Facing identity resolution and cross-channel measurement challenges, Nielsen found that only one in four CMOs feels confident in their ROI measurement efficacy. Many of these CMOs still rely on rudimentary metrics, such as click-through rates and page views, rather than measuring the marketing performance and outcomes. They eventually find themself feeling inadequate in their marketing technology solutions, with FMCG, CPG companies, and small-budget marketers being the least confident.

In addition, Google announced in June 2021 that they would phase out their third-party cookie support for Chrome within the next two years after a delay from initial schedule. Set to begin in mid-2023 and last three months, this move will leave marketers to become more dependent on first-party data.

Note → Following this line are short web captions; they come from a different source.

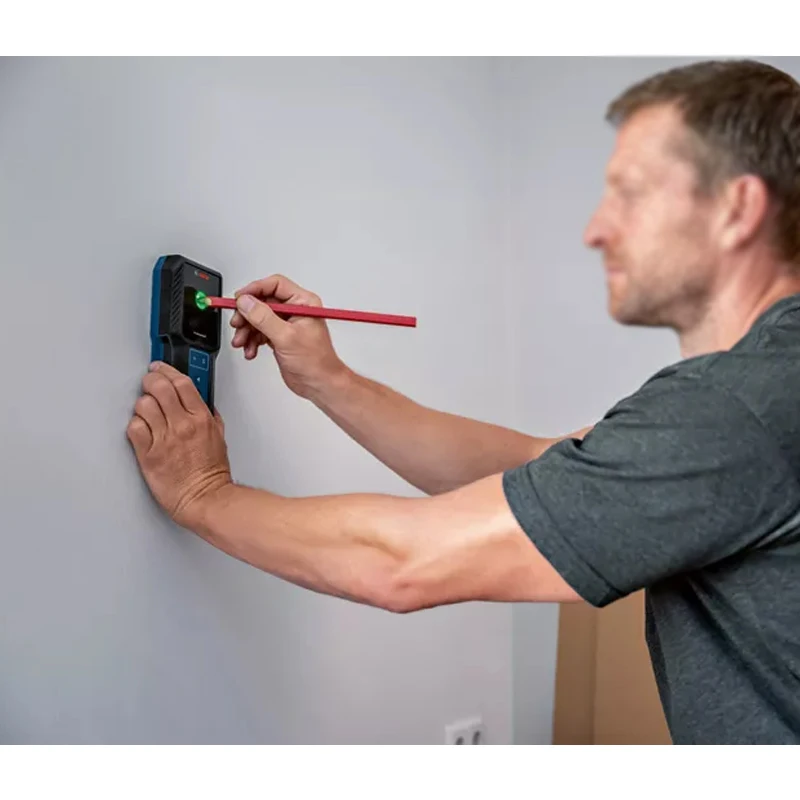 BOSCH GMS 100-23 كاشف المواد المهنية IP54 كاشف الجدار لحفر الجدار أدوات كهربائية Bosch GMS100-23 #3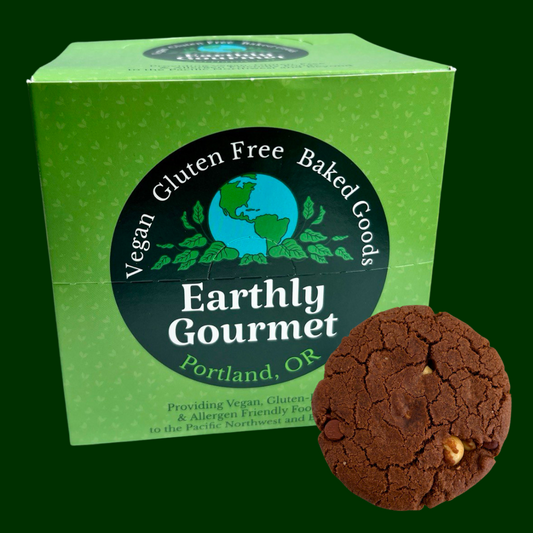 GF & Vegan Cookie Dough - Chocolate Macadamia - 5 lbs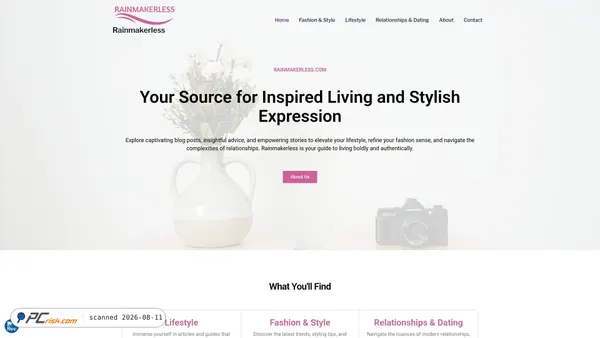 rainmakerless.com screenshot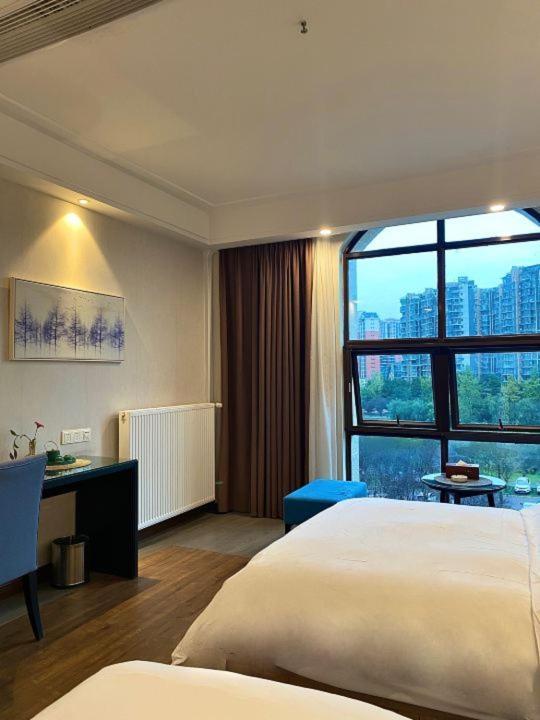 Emei Mountain Xileer Hotel Emeishan Dış mekan fotoğraf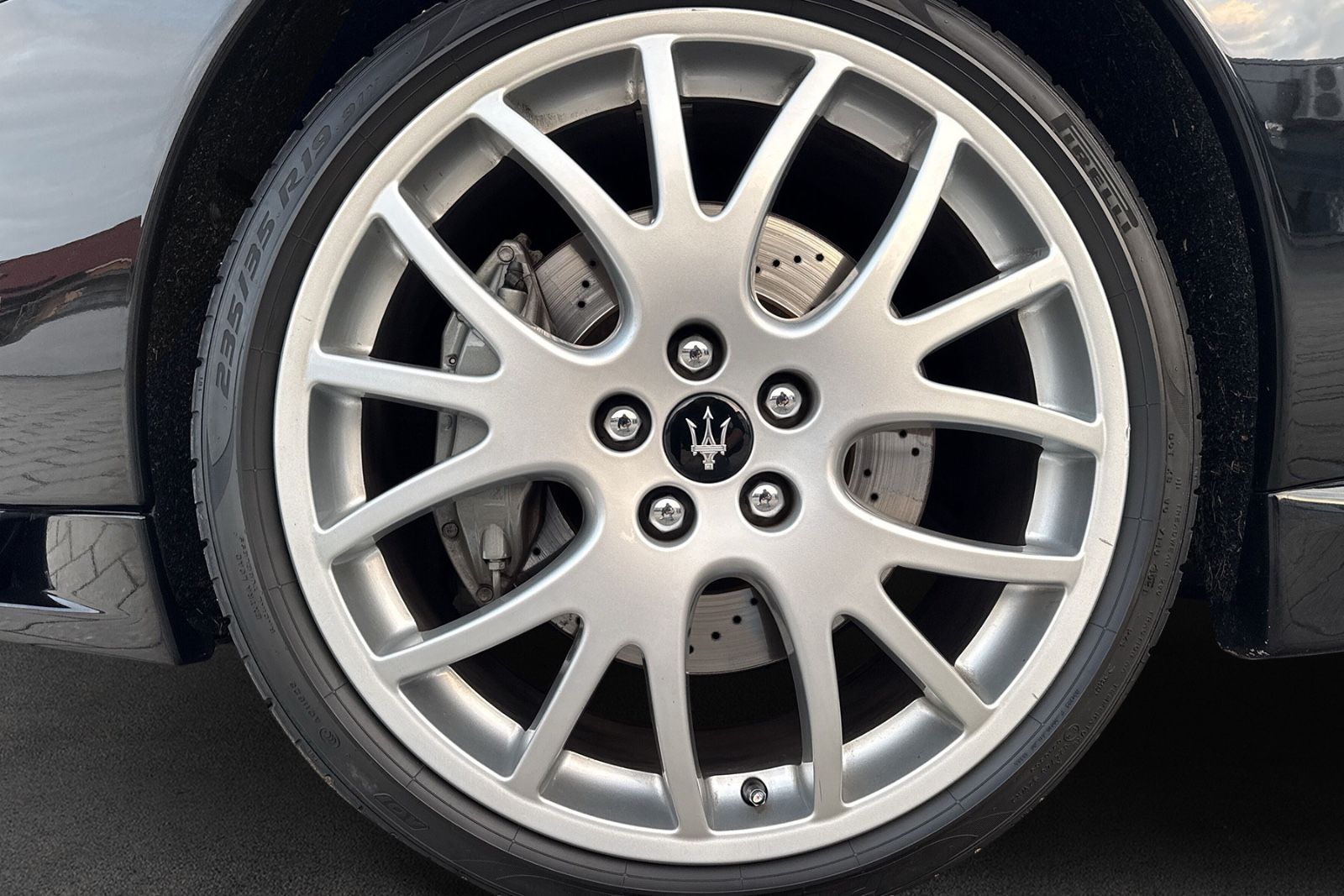 Fahrzeugabbildung Maserati GranSport Spyder*DT Auto*Triple Black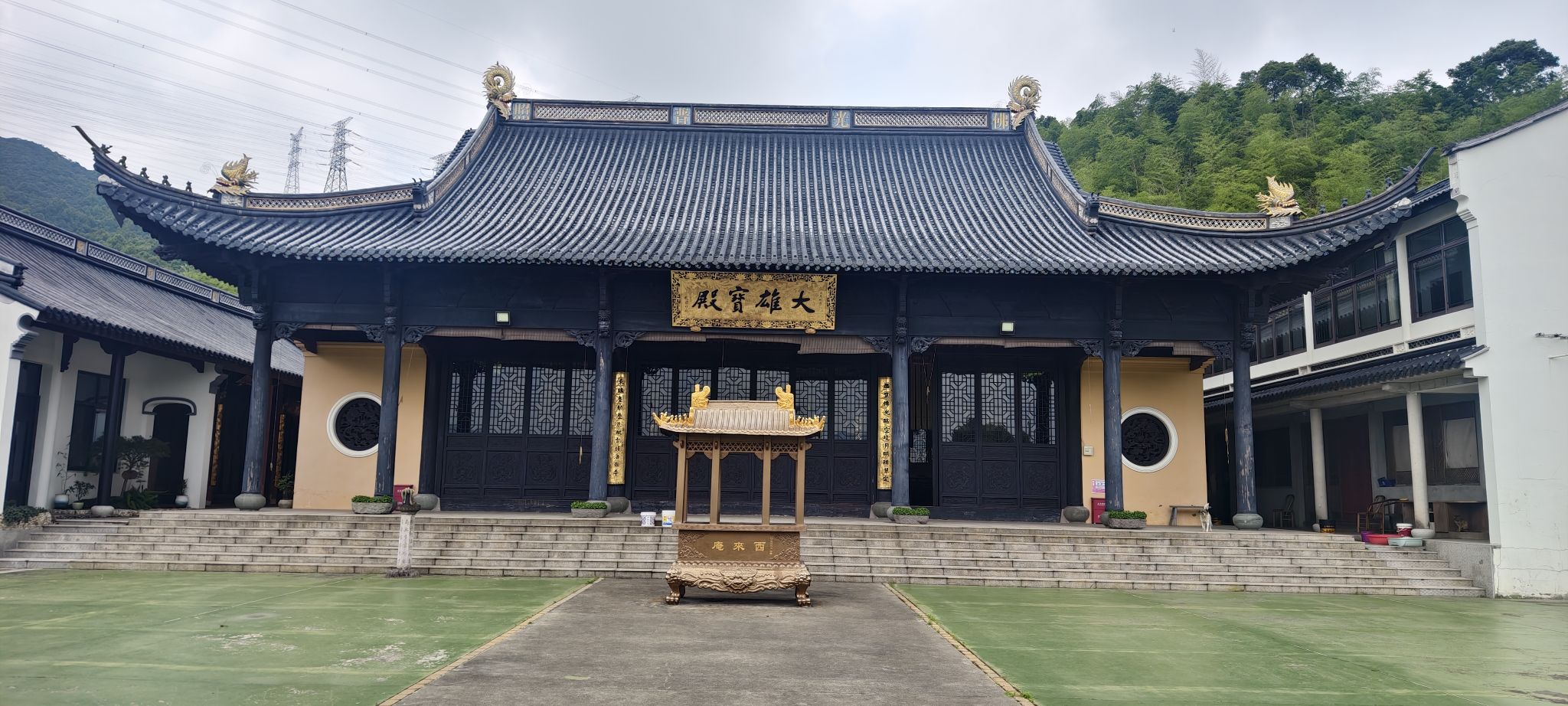 西来庵实景照片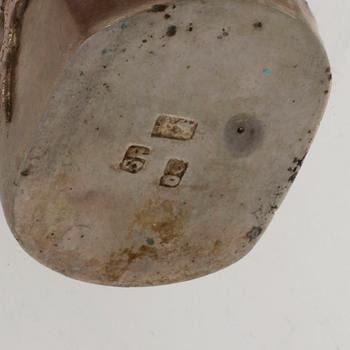 STRÖARE, 7, silver, Kina, 1900-talets första hälft. Total vikt ca 218 g.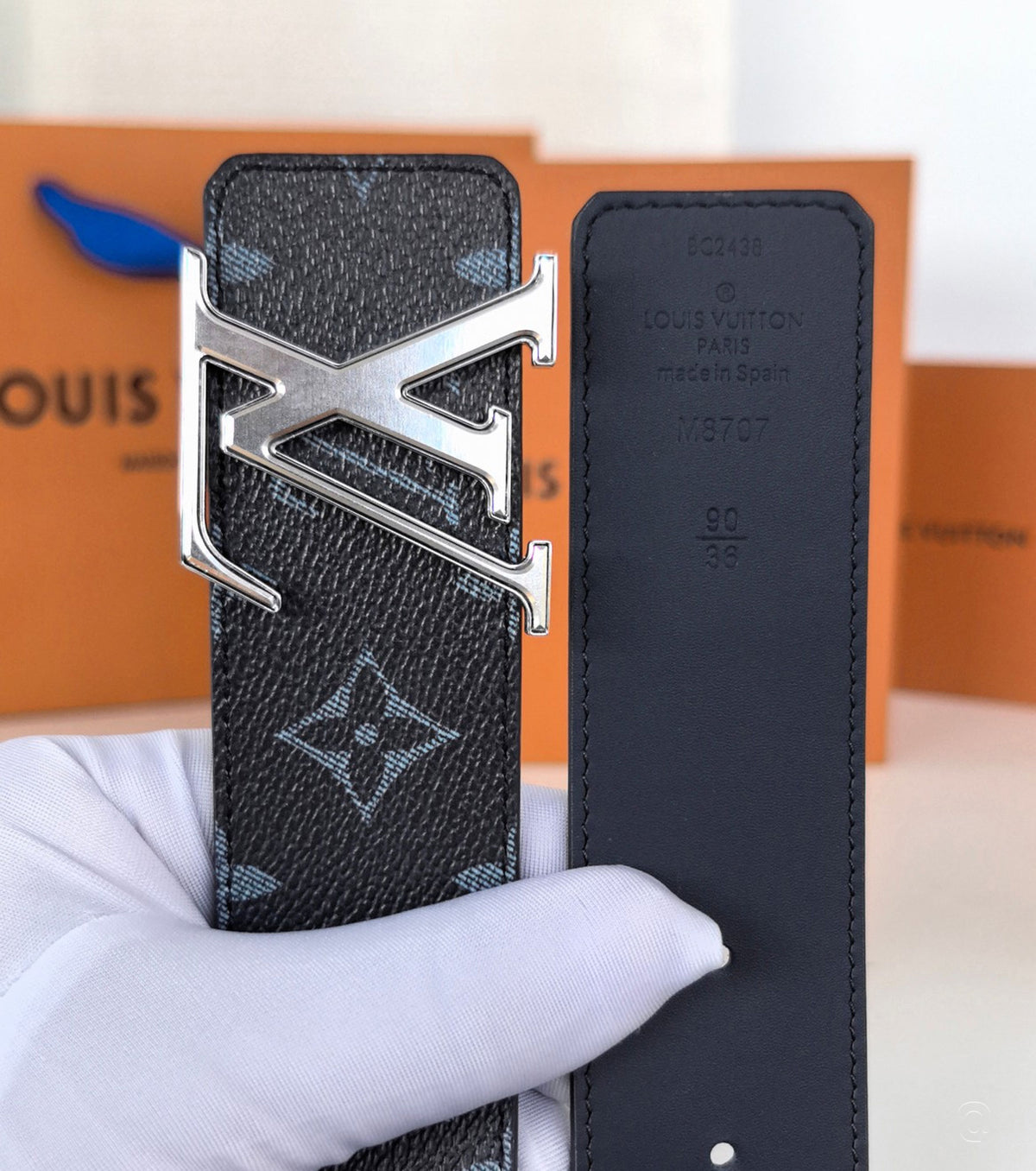 Двулицев колан Initiales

According to Comscore, although this might potentially solve persisting problems such as ad targeting, validation, and audience measurement, it might also create some new challenges. In order to brace for whatever changes in the future, Nielsen’s ROI Elevated report suggests marketers focus on three key attributes: standardization, holistic measurement and adaptability.   

Effective measurement requires standardized and scalable metrics that cover all critical elements of marketing campaigns, such as brands, pricing, and media platforms, delivering a common ground despite the fact that ROI varies greatly around the globe. The global median media ROI is US$1.06, but it’s US$0.81 in EMEA and US$1.32 in APAC. 

Misattributed ROI might keep the brands clueless about what is actually driving sales. Marketers must start taking a more holistic approach across media and the factors that affect campaign effectiveness. These factors include long-term structural factors such as brand size and incrementality, short-term creative factors such as duration and copy quality, and short-term media factors such as reach and frequency.

In addition, marketers must also understand the performance of a specific budget for an advertising strategy and utilize the insights. 

However, the challenge for traditional broadcasters does not lie merely in the technological barrier. They also need to systematically reduce integration and inefficient manual processes in media workflow. These measures have been proven to contribute to more positive ROI rather than trying to compete with new technology procurements that no one understands.